Chemtrails Over the Country Club is abound with Lana Del Rey’s signature wry wit: The album’s title references the chemtrails conspiracy theory, adding a sinister undertone to the otherwise pleasant visual of a sprawling green country club with planes flying overhead.

The album is an atmospheric, 45-minute wash of sound that contains all the familiar components of a Lana Del Rey album: Her fragile falsetto, nostalgic perspective, and yearning for living and loving with wild abandon, all woven through with self-criticism and dolefulness.

Returning collaborator Jack Antonoff compliments Del Rey’s vocals with his understated, blurry production, reminiscent of his recent work on Taylor Swift’s folklore. On Chemtrails, Antonoff’s lo-fi sound features record-crackling that contributes to the album’s analog sound. This effect is especially prominent on the opening track, “White Dress,” which also introduces one of the album’s major themes: Del Rey’s burgeoning doubts over her fame and success. She reminisces on working as a waitress when she was 19 years old: “It made me feel, made me feel like a god / It kinda makes me feel, like maybe I was better off.”

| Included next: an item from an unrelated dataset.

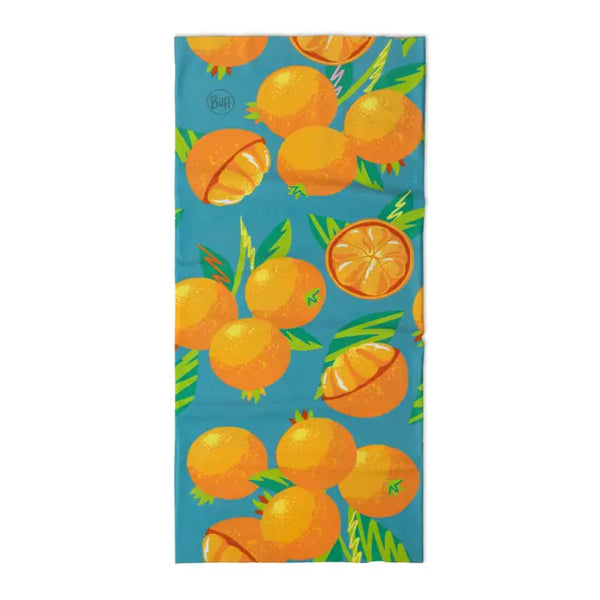 buff Coolnet UV® Genju neptune green orangen Schlauchschal Multifunktionstuch Auf und Davon Outdoor Equipment
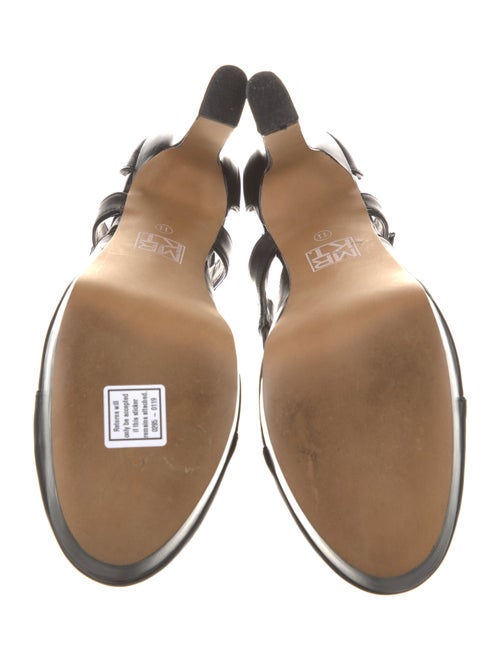 Market Leather T-Strap Pumps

Del Rey explores the isolating effects of fame further on “Dance Till We Die,” a track that expresses the solace she finds in the companionship of fellow female music legends Joan Baez, Stevie Nicks, and Courtney Love. Del Rey shares personal relationships with all of them, and she establishes herself as their musical successor while she continues to build her own persona as a serious artist.

Chemtrails finishes with Del Rey and featured singers Zella Day and Weyes Blood covering Joni Mitchell’s piano ballad “For Free.” While the multiple vocalists jazz up the original version with a few harmonies, Del Rey forgoes any significant changes—and for the better. Mitchell’s lyrics shine through the track and capture the essence of Chemtrails despite debuting some 50 years ago: “And I’ll play if you’ve got the money / Or if you’re a friend to me / But the one-man band by thе quick lunch stand / He’s been playin’ real good for free.”

Chemtrails is consistent with Del Rey’s past discography, and is sure to be reliable fan-fodder. However, listeners are left wondering whether she will choose to evolve stylistically or continue churning out sonically similar tracks—not that one is necessarily better than the other.